Crude oil markets staged a significant recovery on Tuesday, driven by a combination of favorable currency movements and optimistic trade developments. WTI crude oil for March delivery climbed $1.10 per barrel, or 1.77%, to settle at $63.24. This rebound followed steep losses from the previous session, with multiple market factors converging to support prices.

Dollar Weakness Creates Tailwind for Energy Markets

The U.S. dollar index declined 0.17 points, or 0.17%, to 97.46, creating a favorable backdrop for crude oil trading. A weaker dollar typically makes energy commodities more attractive to international buyers, as oil priced in dollars becomes cheaper for foreign consumers. This currency dynamic has historically supported crude oil prices during periods of dollar depreciation.

Tariff Cuts and Trade Agreement Reshape Market Expectations

Early February saw a significant development when U.S. President Donald Trump and India’s Prime Minister Narendra Modi announced a comprehensive trade framework. Under the agreement, the U.S. would reduce its main tariff on Indian goods from 25% to 18%, while removing what Trump termed a “penalty tariff” imposed on India for purchasing Russian crude. This concession comes contingent on India ceasing its Russian crude imports, a commitment India appears poised to honor given recent reports of declining Russian oil purchases.

As part of the broader deal, India has agreed to purchase over $500 billion in U.S. products spanning energy, technology, agriculture, and coal sectors. Market analysts view this agreement as emblematic of a shift toward bilateral trade arrangements, with crude oil demand potentially benefiting from increased energy purchases. Experts anticipate that similar trade negotiations could follow, reinvigorating global energy demand.

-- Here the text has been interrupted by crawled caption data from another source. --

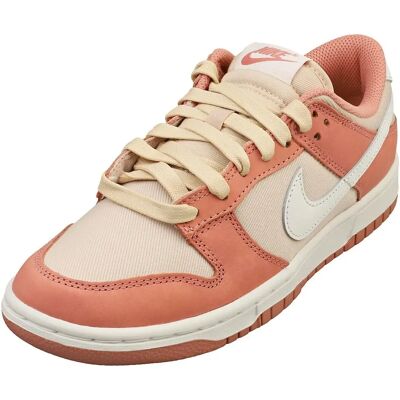 Nike Dunk Low Retro Premium Czerwony Stardust - Buty Nike Dunk Low Retro Premium Czerwony Stardust - Buty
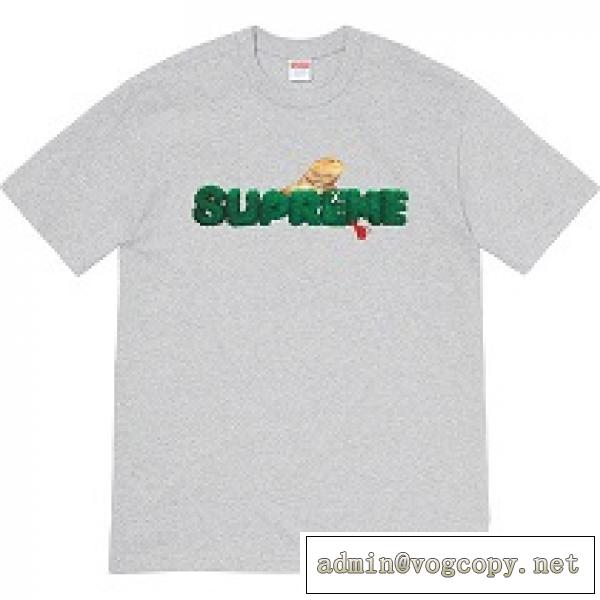 手頃な価格に新商品おすすめSUPREME シュプリーム コピー T シャツ 半袖 クルーネック 良い抜け感を演出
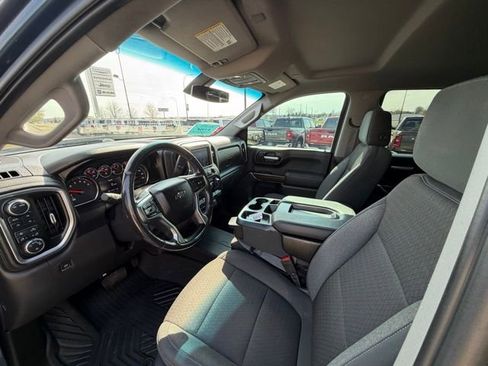 Used 2021 Chevrolet Silverado 1500 RST AWD/4WD image 13
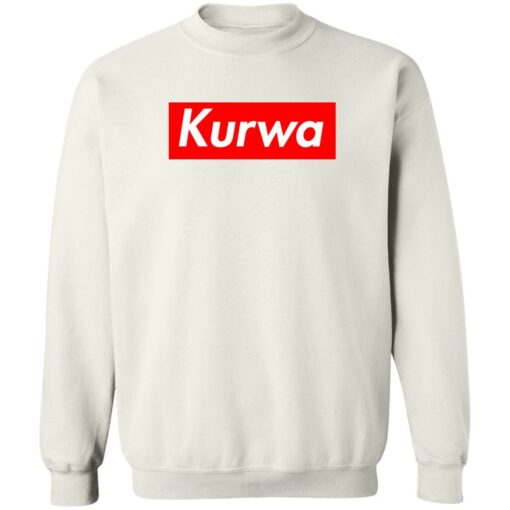 Kurwa Polish Swearword shirt from $19.95 - Thetrendytee.com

Supply Concerns and Oversupply Headwinds

The trade agreement simultaneously triggered concerns about oil market oversupply. With India reducing Russian crude purchases, substantial volumes of Russian crude may seek alternative buyers globally. This dynamic creates downward pressure on prices, offsetting some of the bullish sentiment from the trade deal’s energy implications.

Geopolitical Risk Premium Sustains Market Support

Middle Eastern tensions continue to provide a floor for crude oil prices. Trump has escalated pressure on Iran through military posturing, dispatching naval forces near Iranian waters in an effort to compel nuclear negotiations. While Iran initially resisted, President Masoud Pezeshkian subsequently ordered his negotiating team to engage with U.S. officials. Despite this diplomatic opening, market observers remain skeptical of a breakthrough, maintaining the geopolitical risk premium that supports crude oil valuations.

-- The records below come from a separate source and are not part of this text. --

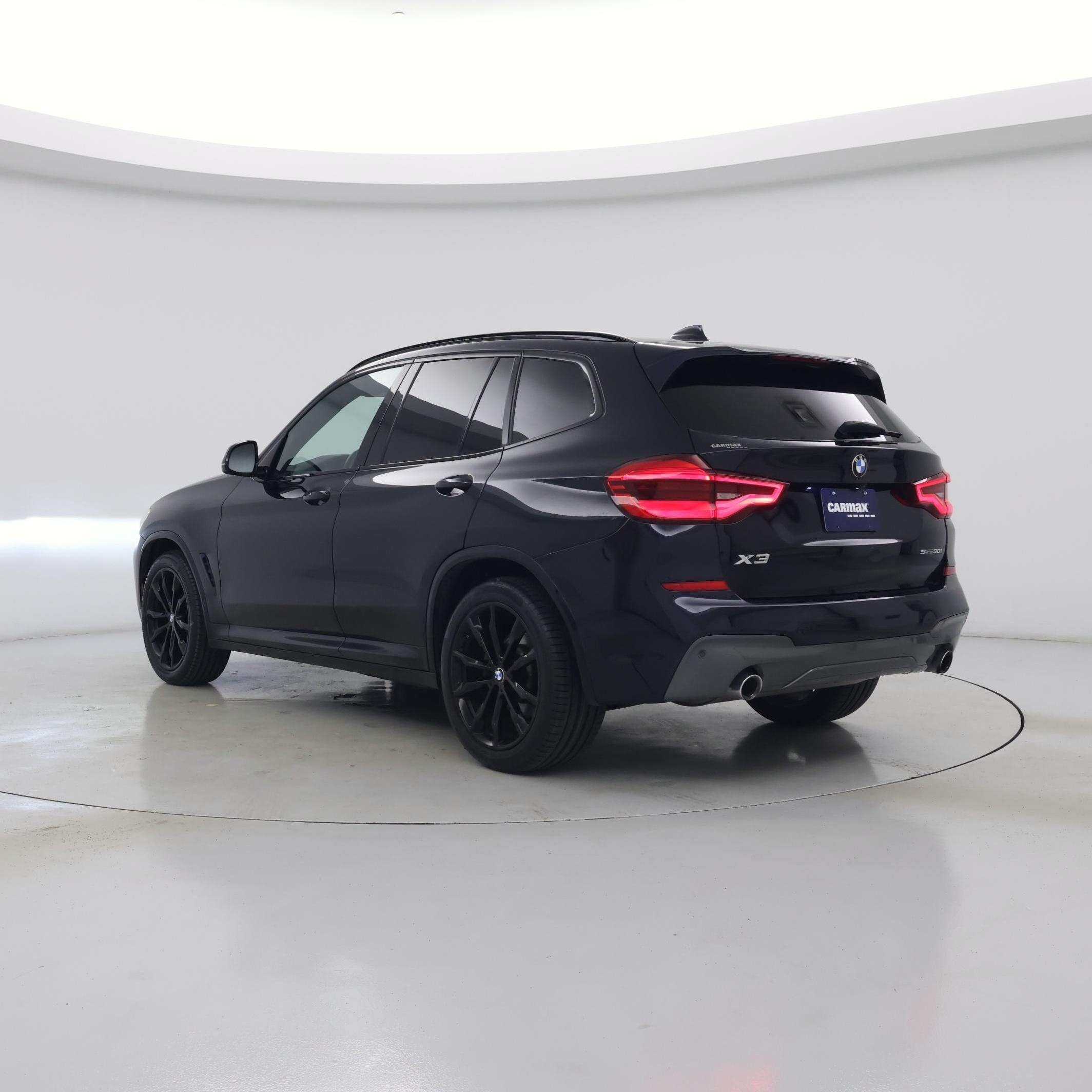 Thumbnail: 2021 BMW X3 - 2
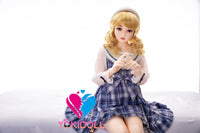 Minako（130cm-D29）Real life Love dolls cute girl male sex doll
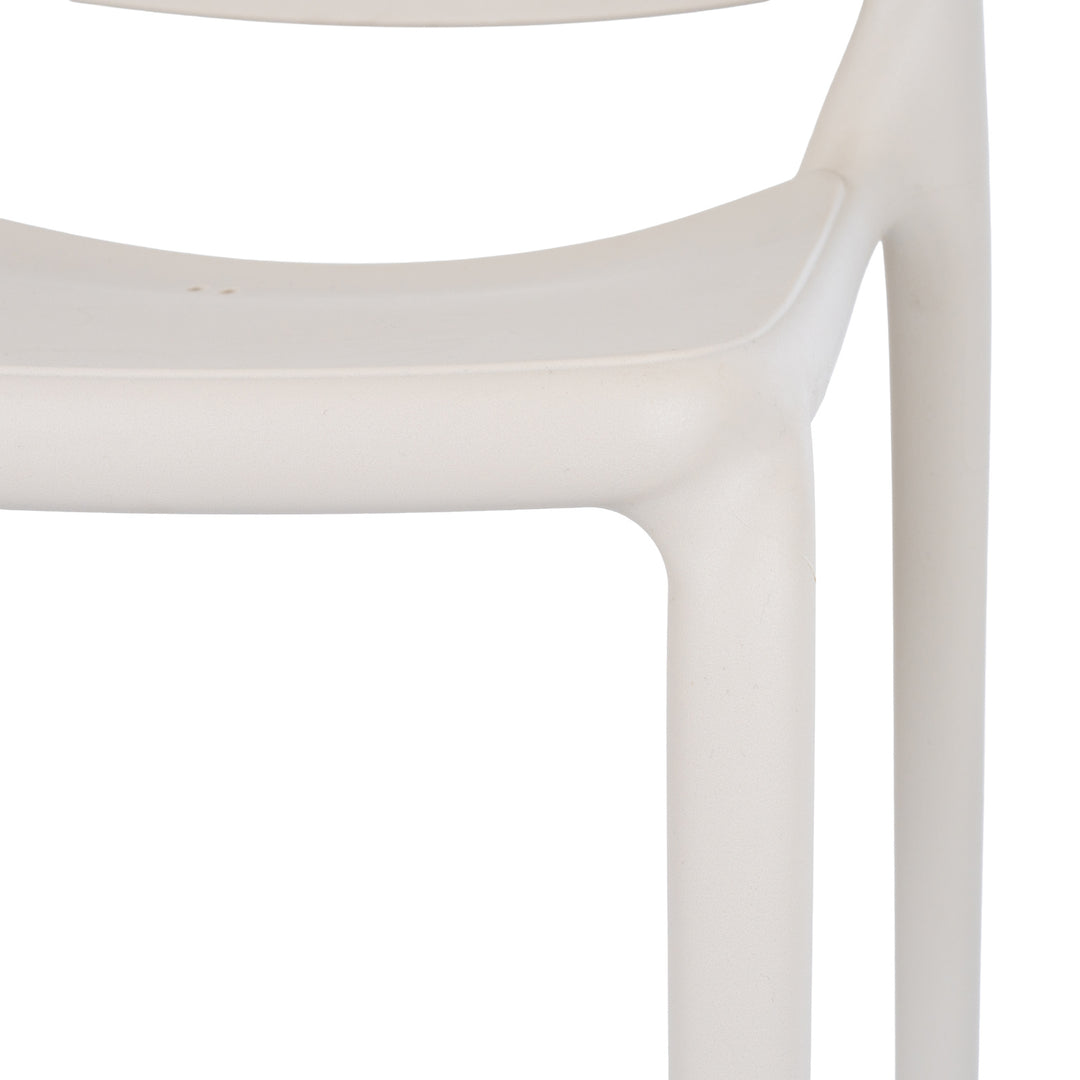 Velo Putty Chair by Hill Interiors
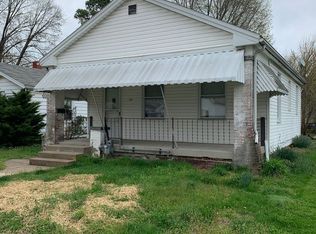 1320 Henning Ave, Evansville, IN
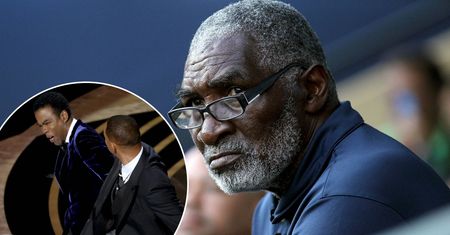 Richard Williams komentuje zachowanie Willa Smitha. "Nie tolerujemy bicia"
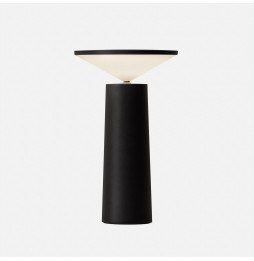 LedsC4 - Luminaria sobremesa COCKTAIL LED 3W 237lm 2700K negro
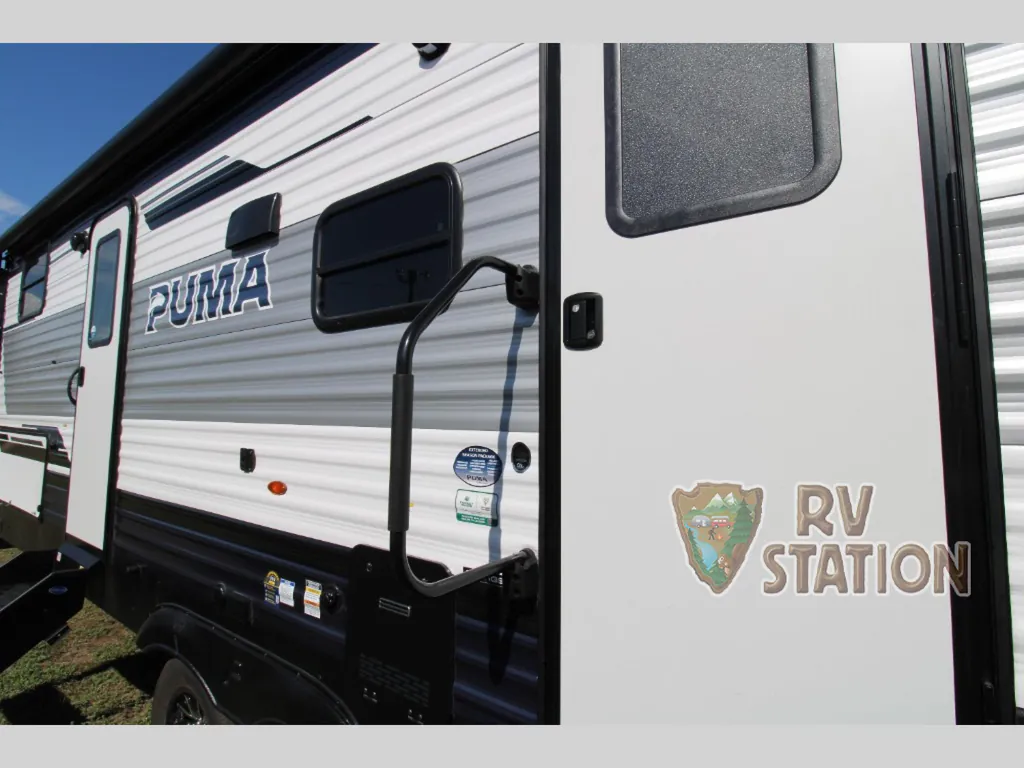 2027 Forest River Puma 32BHQS, Photos photo 19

Meanwhile, peace talks between the U.S., Russia, and Ukraine are scheduled for early February in the United Arab Emirates. However, Russia continues intensive military operations against Ukraine, creating humanitarian challenges and sustained geopolitical uncertainty.

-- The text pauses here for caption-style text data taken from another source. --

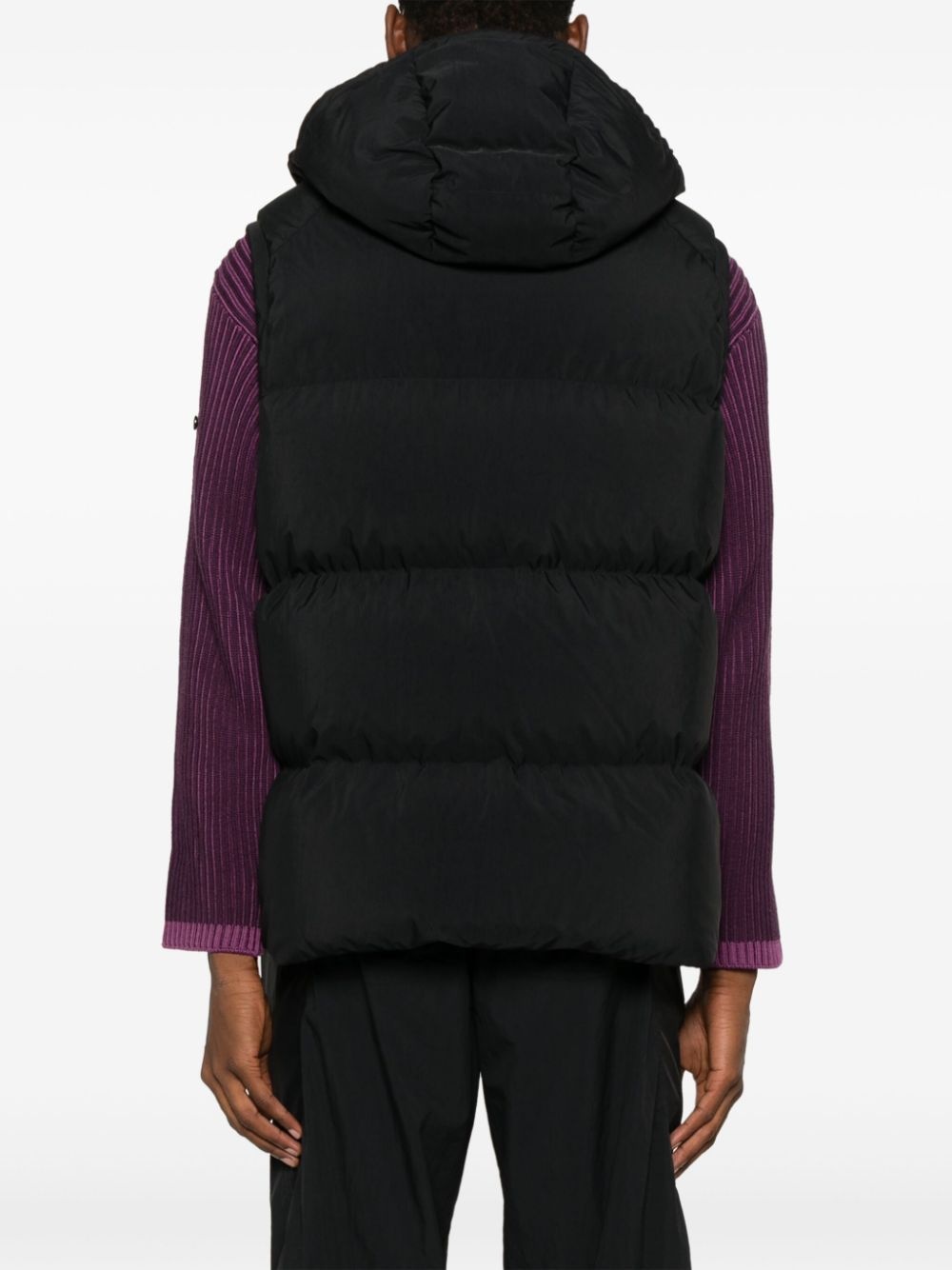 puffer gilet - 4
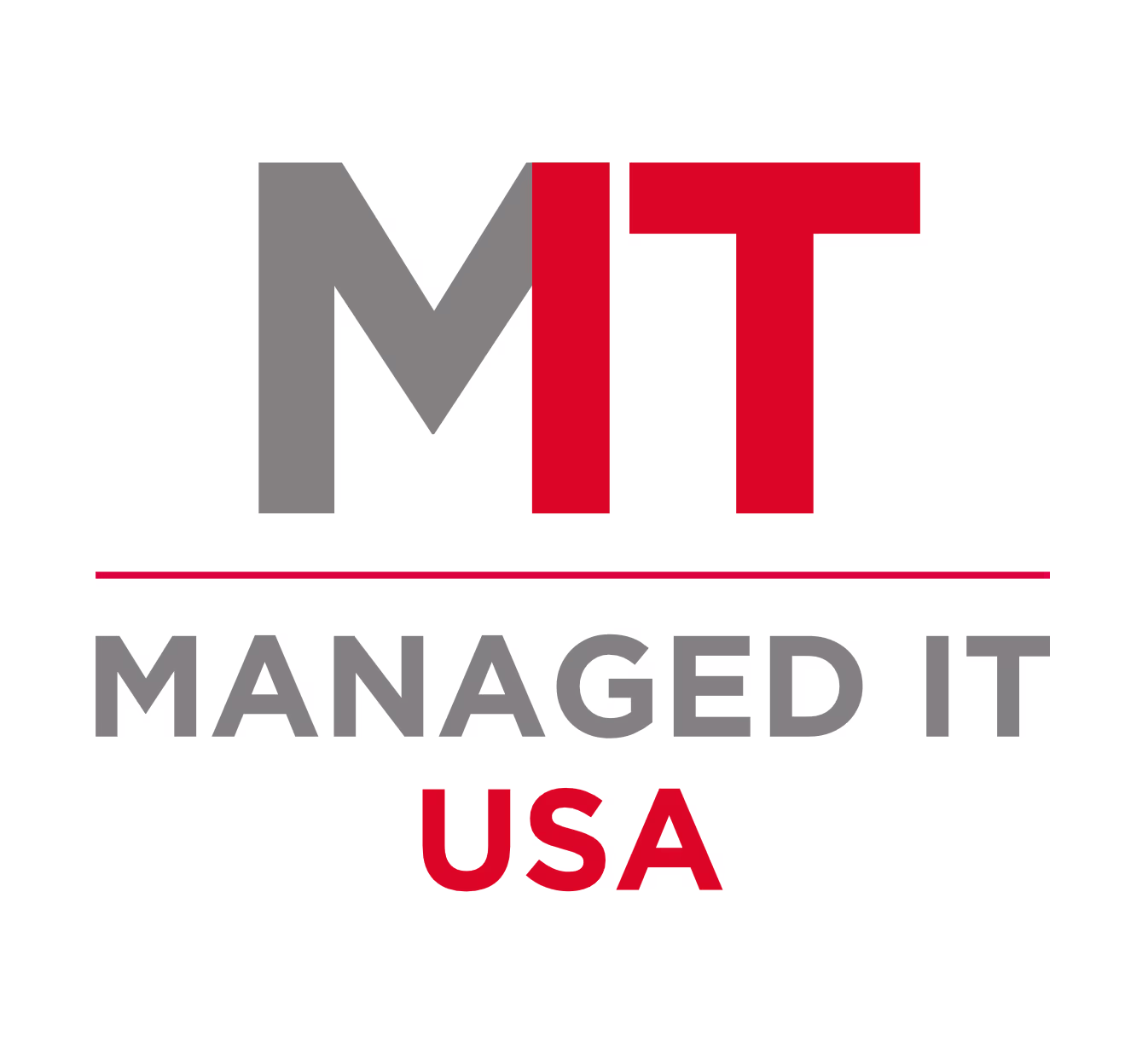 Managed IT USA logo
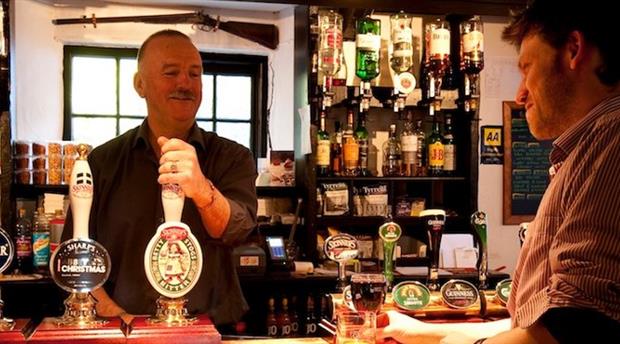 Crown Inn - Lostwithiel Picture 1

OPEC Maintains Production Discipline

Late in the month, the OPEC alliance confirmed its decision to maintain current oil production levels through March 2026. This reaffirmation of the late 2025 output freeze signals the cartel’s acknowledgment of global oversupply concerns projected for 2026. By holding production steady, OPEC seeks to support prices amid forecasts of excess supply.

Crude oil markets thus remain caught between supportive factors—weak dollar, trade-driven demand optimism, geopolitical risk—and headwinds including oversupply concerns and potential peace negotiations that could ease geopolitical premiums. The near-term trajectory for crude oil prices will likely depend on how these competing forces balance over coming weeks.